L'industrie s'effondre, la Bourse s'esclaffe !
Hier, le CAC 40 a progressé de plus de 5% au moment même où l'on apprenait les chiffres catastrophiques de la production industrielle et des exportations françaises. Le reflet d'une conception scandaleuse et
erronée de l'économie.
L’actualité économique est opaque pour le simple citoyen. Et elle est
opaque parce que ses enchaînements ne paraissent pas rationnels.
Prenons une journée comme hier, mardi 10 mars. La France a enregistré
l’une des plus mauvaises nouvelles depuis le début de la crise : la
production industrielle a baissé de 4,1% en janvier par rapport à
décembre, avec un effondrement de 29,4% dans l’automobile, de 18,7%
dans la métallurgie et de 12,6% dans l’industrie chimique. Les
exportations ont reculé de 2 milliards de dollars et la Banque de
France vient de réviser à la baisse – de 0,4 à 06% - sa prévision de
croissance négative pour le premier trimestre 2009.

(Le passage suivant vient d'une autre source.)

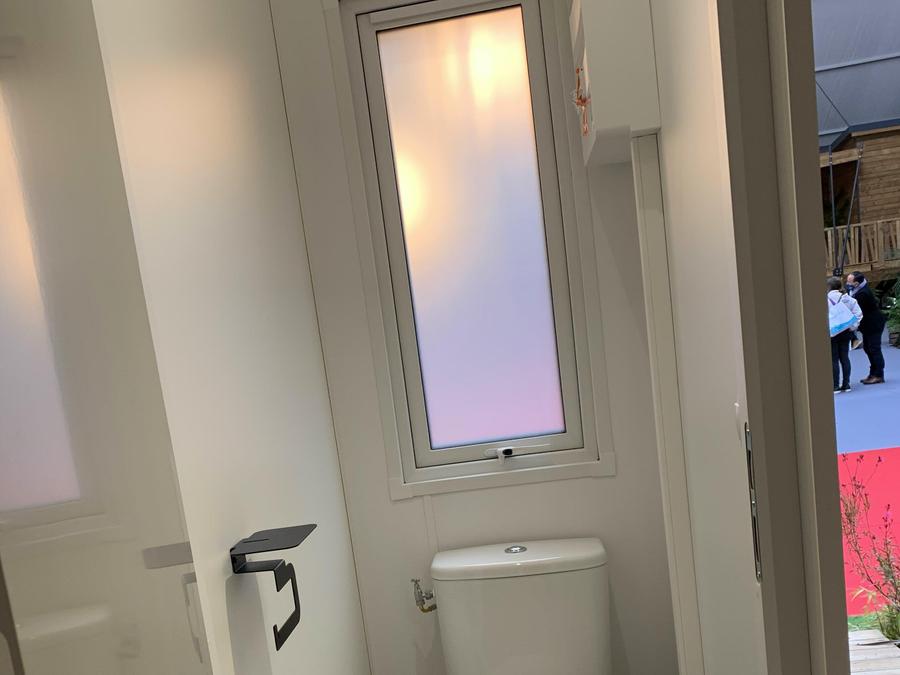 Mobilhome 5 personnes - BAHIA LUXE 29 m² 4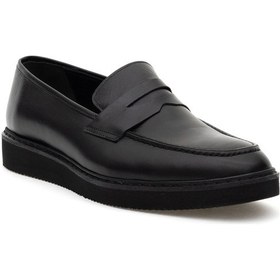 Resim Pierre Cardin Erkek Siyah Ayakkabı 50298494-vr046 Siyah 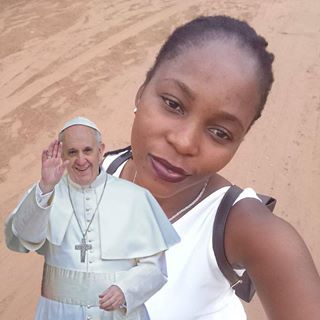 Profile Picture of Lola Alade (@laurafilipe.mulhovo) on Facebook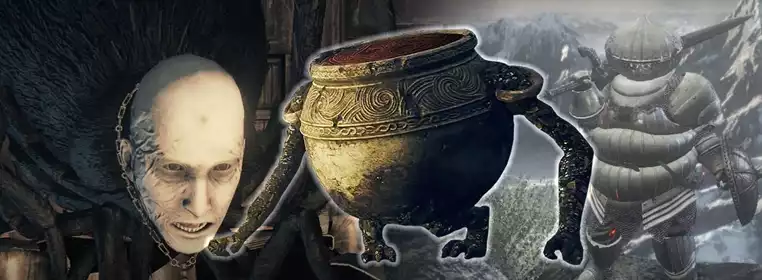 Details of the Spellbound game from the creators of Elven Ring, Dark Souls  and Bloodborne from FromSoftware have been revealed - news on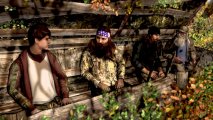 Скриншот № 0 из игры Duck Dynasty (US) [PS4]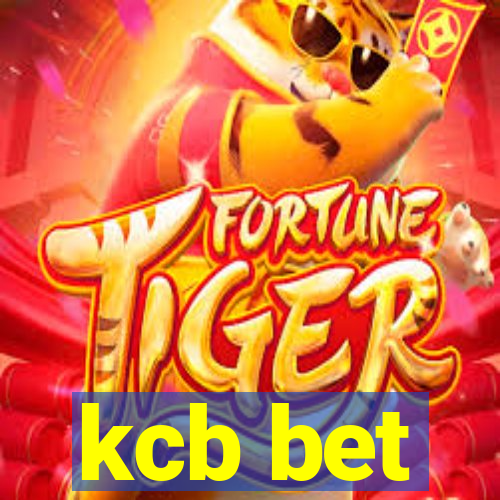 kcb bet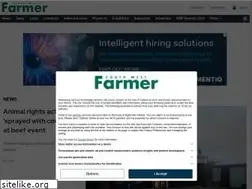 Sites similar to southwestfarmer.co.uk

Le meilleur chiffre de la Bourse depuis trois mois
Pourtant, toutes ces mauvaises nouvelles ont engendré un étrange reflet à la Bourse de Paris: +5,73%, soit le plus fort rebond depuis trois mois.
Bien entendu, il y a une « explication » à cette « bonne » nouvelle, en
l’occurrence, une note interne du patron de Citigroup indiquant que la
banque, renflouée de 45 milliards de dollars par l’Etat fédéral, avait
renoué avec les profits en janvier et février.

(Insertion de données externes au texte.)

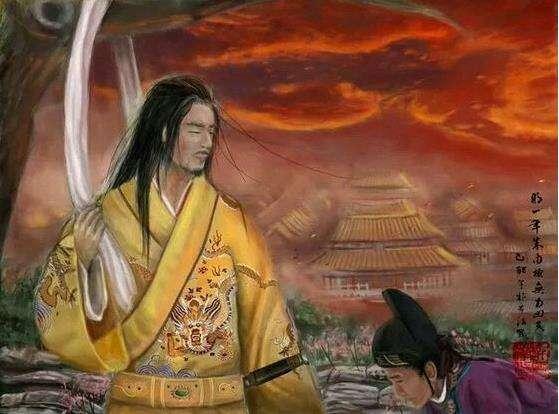 “他杀了魏忠贤，却杀不死大明的‘内耗癌’｜崇祯：33岁猝死，17年换50个内阁，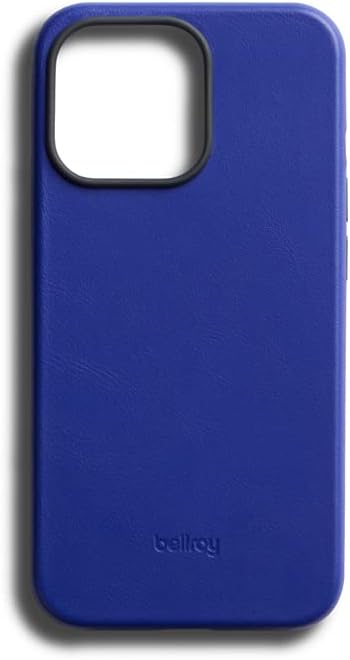 Bellroy Phone Case - 0 Card i13 Pro - Terracotta Pack of 2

Donc, le CAC 40 - comme celui des autres pays européens d’ailleurs – est plus « impacté », comme on dit dans les salles de marché, par un document de communication interne d’un dirigeant de banque qui a tout intérêt à faire valoir la qualité de son bilan que par une photographie
statistique exacte qui reflète la récession catastrophique dans
laquelle nous venons d’entrer.
Certes, le possible redressement de Citigroup améliorerait la crédibilité du plan de relance américain.

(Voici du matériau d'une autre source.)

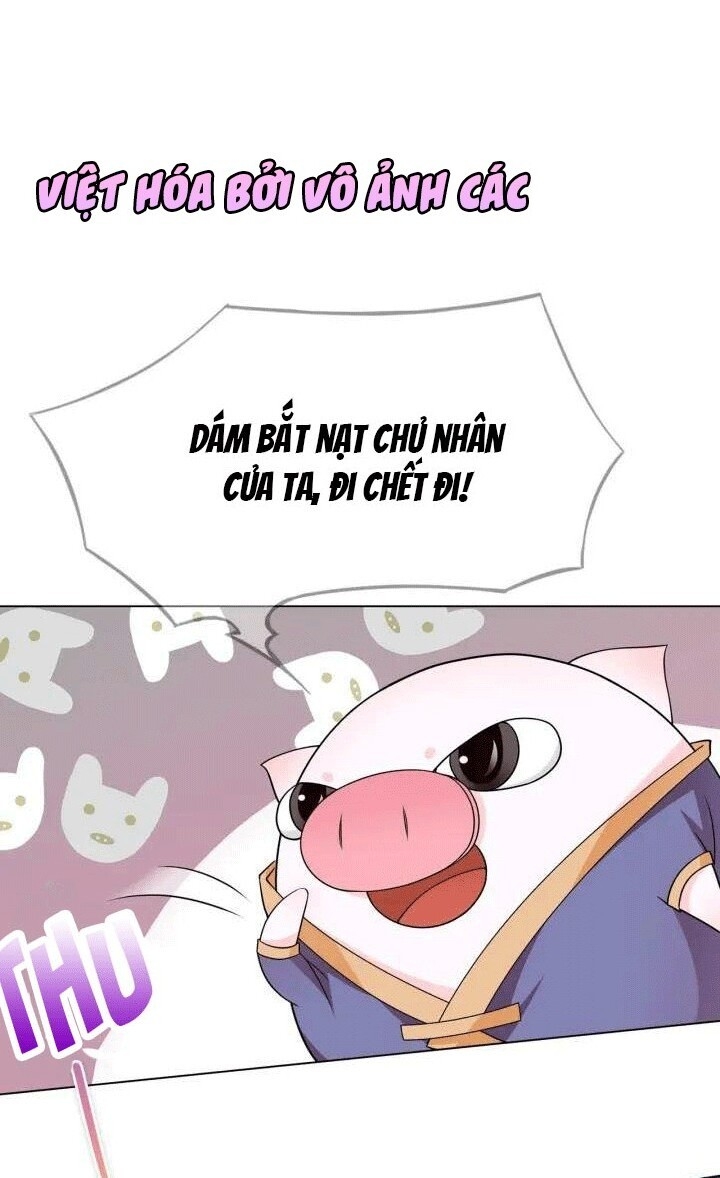 Ma Vương Đại Nhân, Phu Nhân Lại Bỏ Đi Rồi! Chap 25 - Next Chap 26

Mais ce contraste résume bien la tragédie du capitalisme financier, et
la confusion des castes qui nous dirigent. Quelle est la philosophie
sous-jacente des Bourses ? L’idée, répétée à satiété depuis les années
1980, que l’avenir de nos économies réside dans les services,
aménageant ainsi la répartition actuelle du travail dans le monde : aux
pays émergents la production industrielle et aux pays développés « les
métiers de l’intelligence » et les « services domestiques » pour les
nouveaux riches. Non seulement cette conception de la modernité est
limite raciste – on ne voit pas pourquoi les ingénieurs chinois et
indiens ne pourraient pas concurrencer nos X-Mines – mais elle est en
outre totalement irréaliste : comme l’a montré Jean-Luc Greau dans son
excellent livre «la trahison des économistes» , un lien indéfectible
lie la croissance française et la santé de son industrie, corrélation
que l’on constate sur une longue période et qui ne s’est pas démentie
depuis que nous avons basculé dans la soi-disant « économie du savoir ».
Qu'importe, les décideurs et ceux qui les représentent sur les marchés continuent de brancher leur thermomètre sur Wall Street et non sur l'économie réelle, comme si le destin des Européens se jouait forcément loin deleurs terres.